WHAT NEEDS TO BE DONE -
Reproduce verbatim the line containing "Retro England Home" and every line that follows it through the end of the entries below, omitting all pictures.

━━━━━━

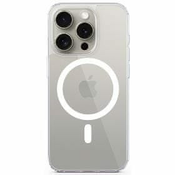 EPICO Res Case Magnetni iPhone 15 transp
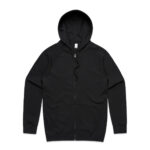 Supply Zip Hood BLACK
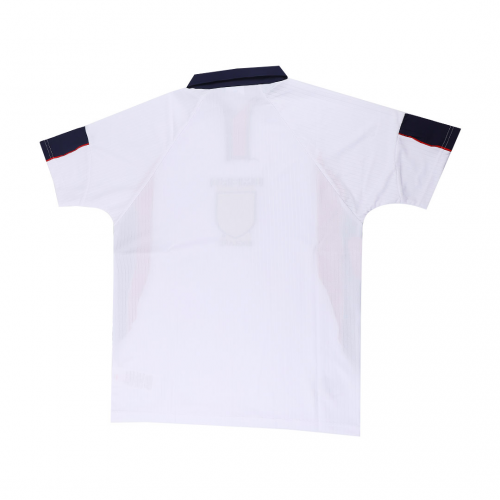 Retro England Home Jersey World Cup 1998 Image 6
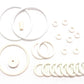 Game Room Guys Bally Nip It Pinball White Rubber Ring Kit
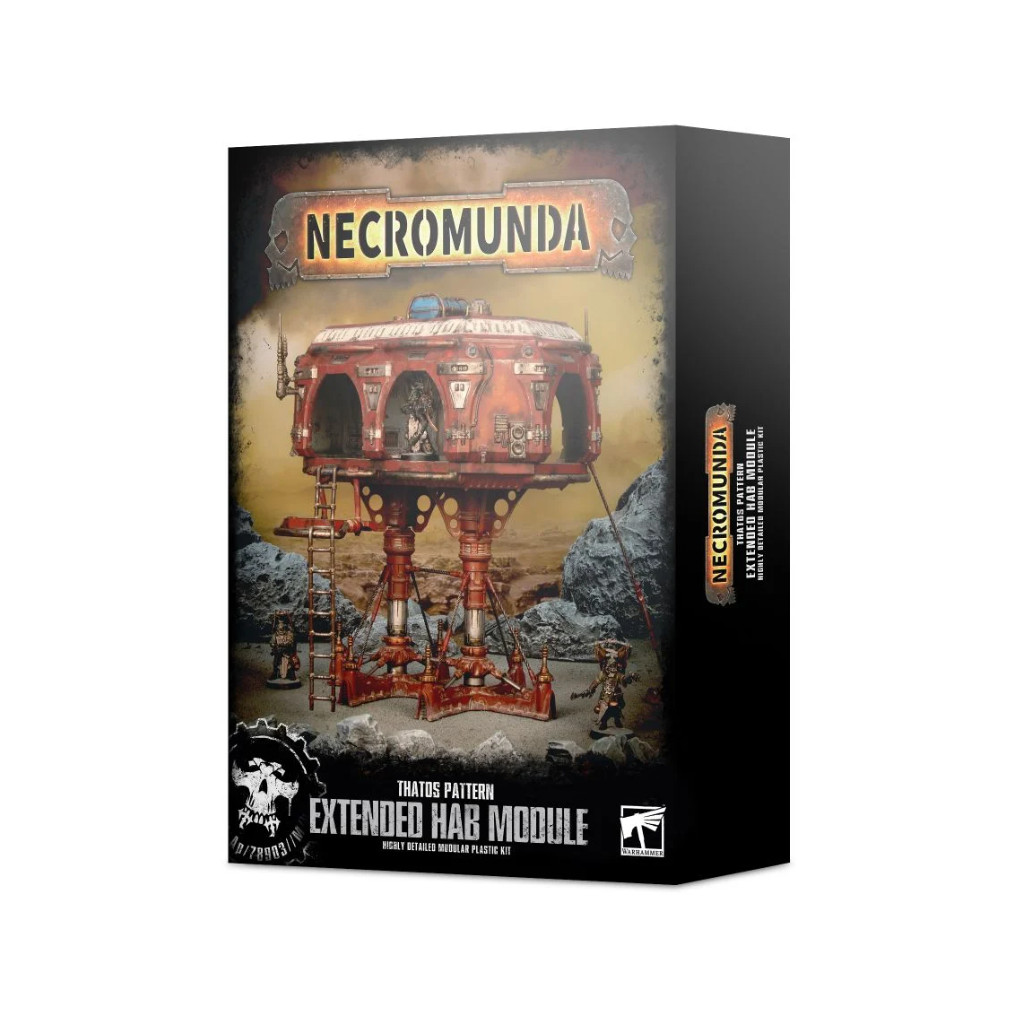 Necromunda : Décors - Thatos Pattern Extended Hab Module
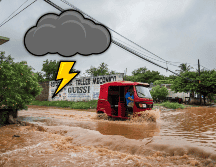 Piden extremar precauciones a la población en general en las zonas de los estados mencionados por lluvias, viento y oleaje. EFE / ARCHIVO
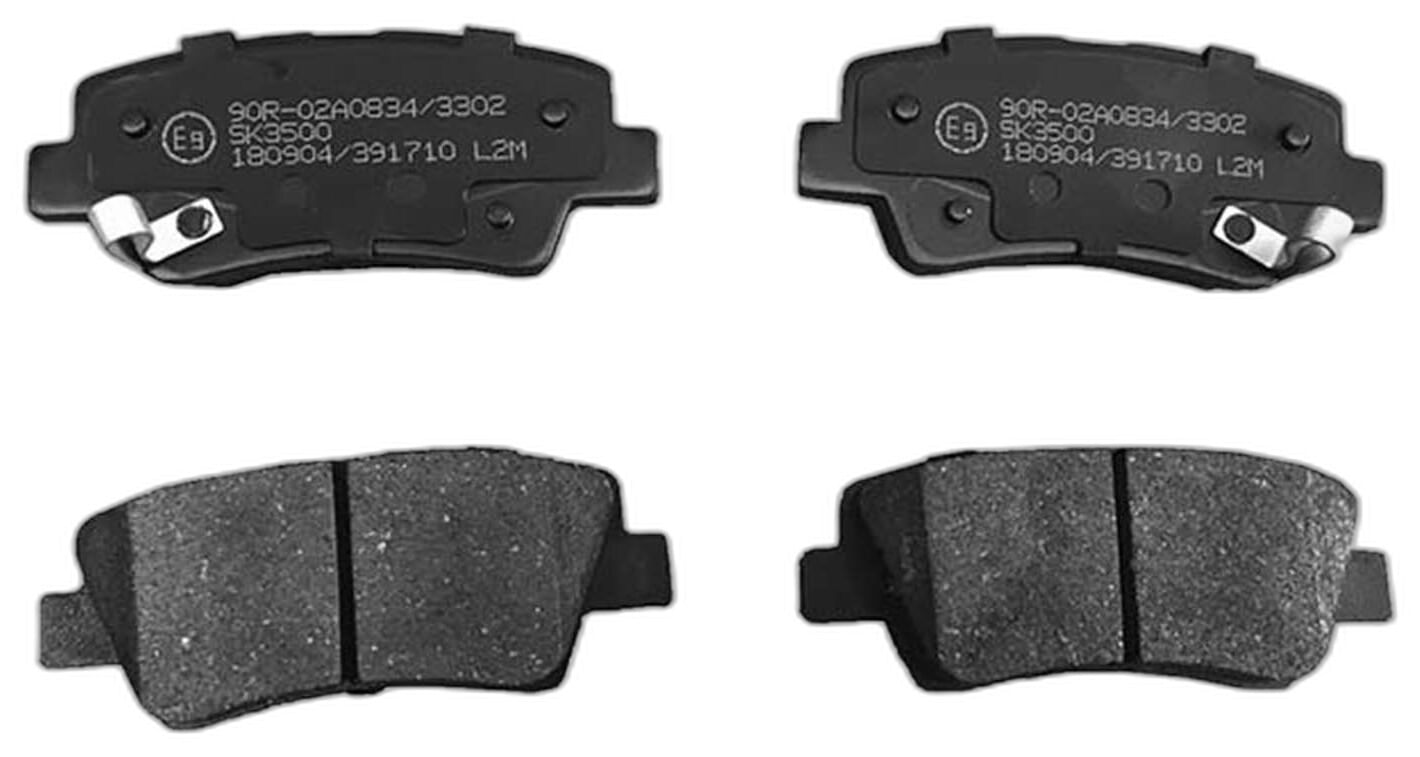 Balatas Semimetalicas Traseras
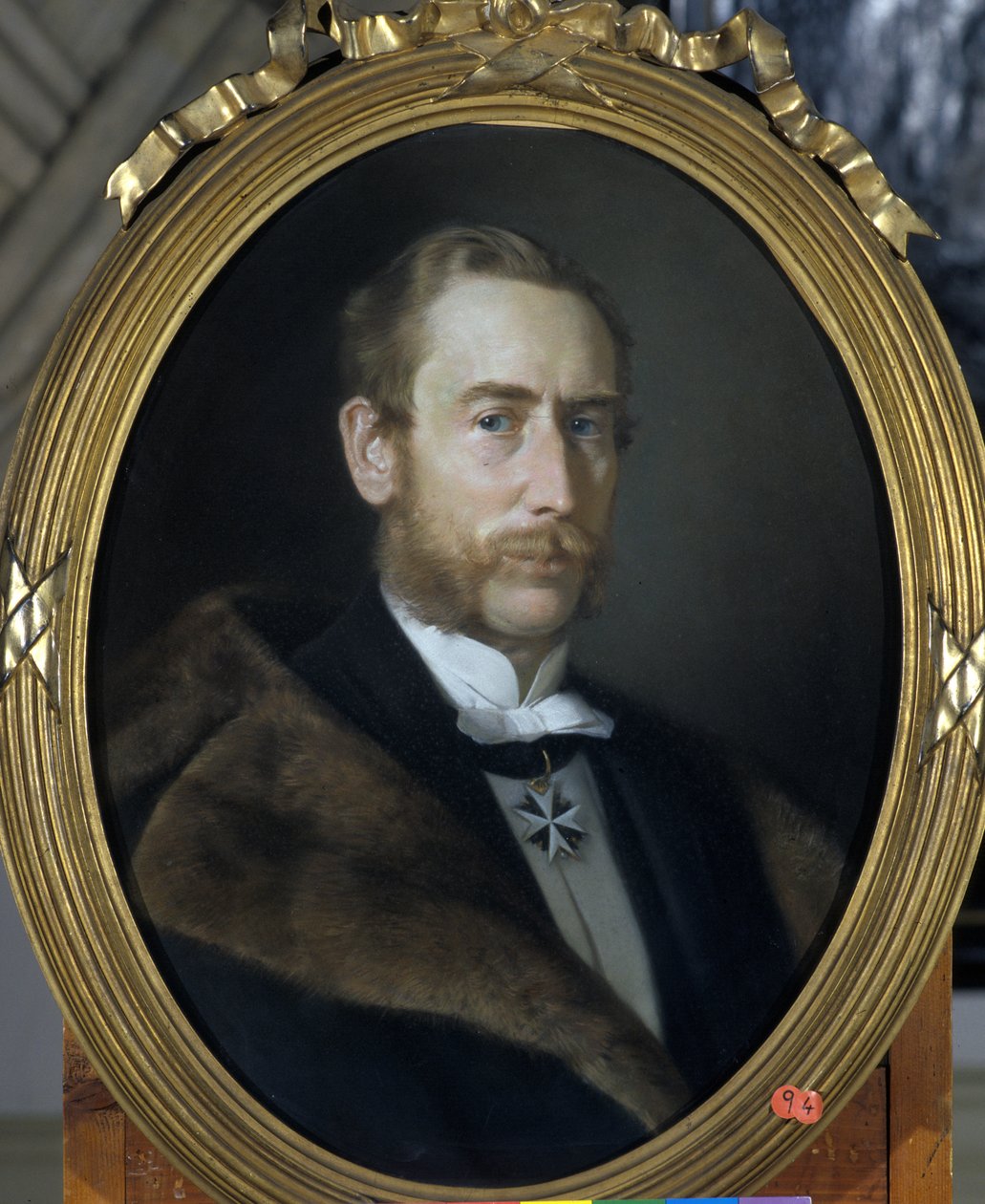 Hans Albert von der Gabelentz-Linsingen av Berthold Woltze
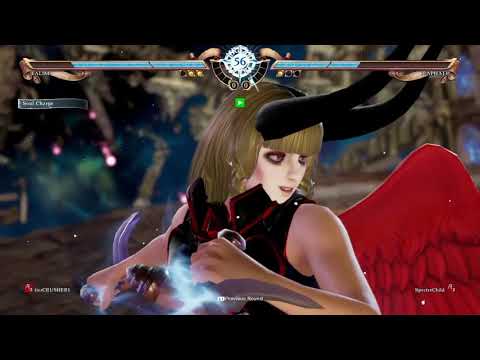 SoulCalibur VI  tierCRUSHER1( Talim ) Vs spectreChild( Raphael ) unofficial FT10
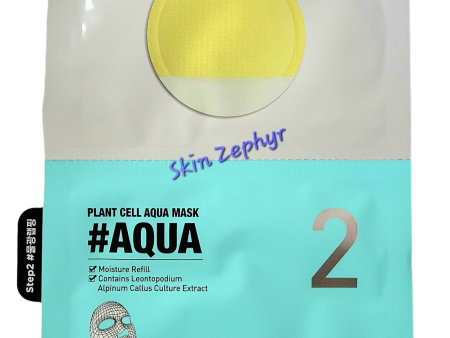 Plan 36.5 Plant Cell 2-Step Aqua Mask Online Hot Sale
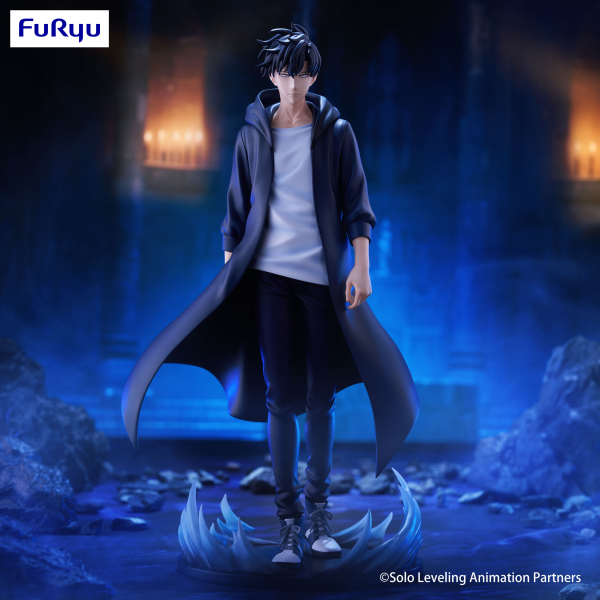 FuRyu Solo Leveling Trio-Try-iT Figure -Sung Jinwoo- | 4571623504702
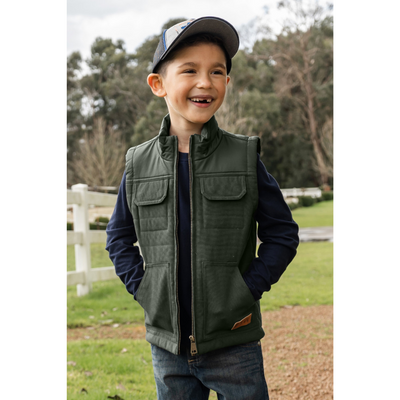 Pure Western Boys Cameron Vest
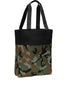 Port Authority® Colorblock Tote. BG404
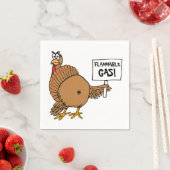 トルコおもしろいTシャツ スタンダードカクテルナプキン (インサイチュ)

━━━━━━

TASK RESPONSE -
 Retro England Home Jersey World Cup 1998 Image 6
 Game Room Guys Bally Nip It Pinball White Rubber Ring Kit
 Necromunda : Décors - Thatos Pattern Extended Hab Module
 Piden extremar precauciones a la población en general en las zonas de los estados mencionados por lluvias, viento y oleaje. EFE / ARCHIVO
 Balatas Semimetalicas Traseras
 Hans Albert von der Gabelentz-Linsingen av Berthold Woltze
 SoulCalibur VI  tierCRUSHER1( Talim ) Vs spectreChild( Raphael ) unofficial FT10
 Plan 36.5 Plant Cell 2-Step Aqua Mask Online Hot Sale
 FuRyu Solo Leveling Trio-Try-iT Figure -Sung Jinwoo- | 4571623504702
 Pure Western Boys Cameron Vest
 Port Authority® Colorblock Tote. BG404
 トルコおもしろいTシャツ スタンダードカクテルナプキン (インサイチュ)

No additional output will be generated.